I am working through problem 10.16 of Morandi's Field and Galois Theory, which is a guided computation of the second cohomology of a cyclic group of order $n < \infty$.
Let $G =\langle\sigma\rangle$ be cyclic of order $n$, let $G$ act on an Abelian group $M$, and let $f \in Z^2(G,M)$ be a $2$-cocylce. Let $m \in M^G = \{m \in M : \sigma m = m\}$ and define $$ f_m(\sigma^i,\sigma^j) = \begin{cases} 0 &\text{if} \ \ i + j < 0 \\ m &\text{if} \ \ i+j \geq n \end{cases} $$ for $i,j \in \{0,\dots, n-1\}$. I want to show that $f$ is cohomologous to $f_m$, where $m = \sum_{i=0}^{n-1} f(\sigma^i,\sigma)$. It isn't hard to show that $m \in M^G$, but I have no idea how to find a cochain $h : G \to M$ such that $$ \delta_1(h)(\sigma^i, \sigma^j) = \sigma^ih(\sigma^j) - h(\sigma^{i+j}) + h(\sigma^i) = (f - f_m)(\sigma^i,\sigma^j). $$ I have seen some computations of the cohomology of cyclic groups that use a lot of homological algebra, but I am very new to the subject so I haven't managed to use them to solve this problem. I understand that $h$ must have a piece-wise definition since $f_m$ does, but otherwise I feel like I am just taking shots in the dark looking for a good candidate for $h$.
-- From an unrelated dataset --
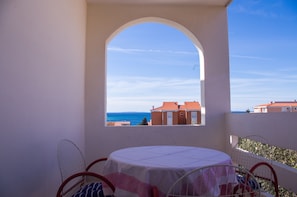 A balcony with a table and chairs, a view of the sea, and a building with red roofs. - Apartments Antonia (Novalja)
So, I've toyed around with the problem (and checked up on $H^2$ groups), and I've come up with the following argument -- I can't help you see why, but it works up to a sign (are you sure you don't want $f$ cohomologous to $f_{-m}$?).
Let $h(\sigma^i)=\sum_{k=0}^{i-1}{f(\sigma^i,\sigma)}$ for $0 \leq i < n$.
For $0 \leq i,k \leq n$, $\sigma^i(f(\sigma^k,\sigma))=f(\sigma^{i+k},\sigma)+f(\sigma^i,\sigma^{k+1})-f(\sigma^i,\sigma^k)$.
It follows that if $0 \leq i,j < n$, $h(\sigma^i)+\sigma^ih(\sigma^j)=f(\sigma^i,\sigma^j)-f(\sigma^i,e_G)+\sum_{k=0}^{i+j-1}{f(\sigma^k,\sigma)}$.
But it is easy to see from the cocycle equation that $f(e_G,e_G)=0_M$ and then that $f(g,e_G)=0_M$. Therefore $\delta_1(h) = f+f_m$.